JEAN-CLAUDE GALLOTTA: La pensée de Camus, qui exprime bien le tiraillement entre, je dirais, « l’honnêteté humaniste » et les exigences du combat politique, m’a toujours paru essentielle. Elle est ainsi très proche de nous. Ce n’est pas une pensée qui fait peur. Si elle impressionne, c’est par sa clarté. Il y a peu d’oeuvres qui vous accompagnent comme cela tout au long de la vie. Elle est pour moi ce que Valéry appelait une « philosophie portative ».
COMMENT, ET POURQUOI, AS-TU ÉPROUVÉ AUJOURD’HUI LA NÉCESSITÉ DE FAIRE ENTRER EN CONTACT CE ROMAN ET TA DANSE?

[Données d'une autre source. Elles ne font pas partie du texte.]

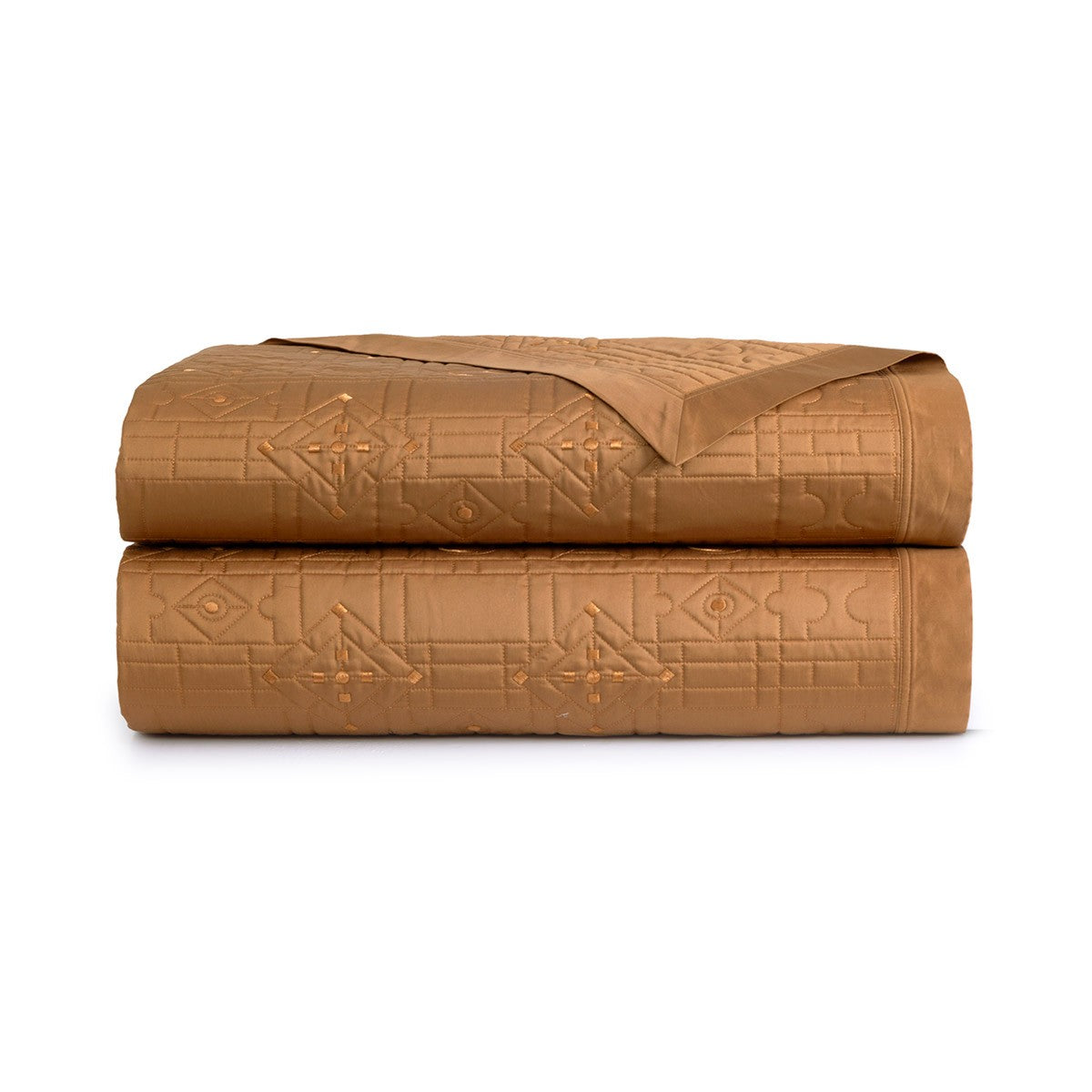 Allure Coverlet by Yves Delorme 6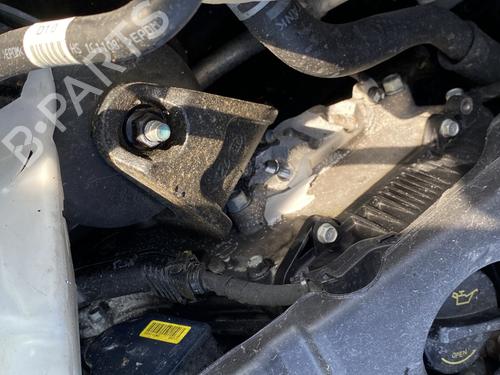 Engine control unit (ECU) KIA SPORTAGE IV (QL, QLE) 1.7 CRDi | BP26527814M57  - Image 7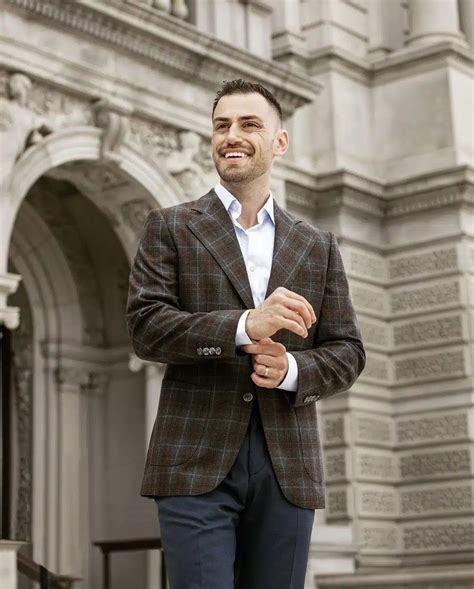 Business Casual Outfit Ideas for Men 的图像结果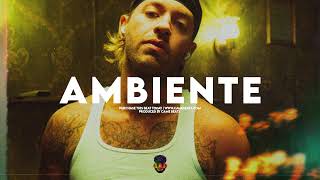 AMBIENTE | Instrumental De Reggaeton Perreo | Feid Type Beat 2022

J.-C. G.: Il arrive parfois qu’un projet trouve son origine dans les aléas de la vie de la compagnie. Cette saison, entre les différentes tournées, nos trois danseurs permanents (Ximena Figueroa, Thierry Verger, Béatrice Warrand) avaient des moments de liberté. J’avais très envie de faire quelque chose avec eux trois, qui m’accompagnent depuis si longtemps. Et puis, suite au décès de ma mère, en rangeant des papiers, j’ai retrouvé des archives qui concernaient la vie de mes parents en Algérie, la jeunesse de ma mère à Oran. J’ai repensé au livre de Camus et au film que Visconti a réalisé à partir de L’Étranger. J’ai vu là l’occasion d’écrire un spectacle intime, de voir comment de l’écriture littéraire peut provoquer du mouvement dans les corps. Je l’avais déjà fait, avec tes propres textes, dans Blik autour de soi et dans les Chroniques. Et je voudrais continuer. J’aime de plus en plus cultiver et travailler cette curieuse alchimie entre littérature et danse. En relisant L’Étranger, je me suis rendu compte du plaisir que j’avais à offrir une traduction physique aux mots de Camus.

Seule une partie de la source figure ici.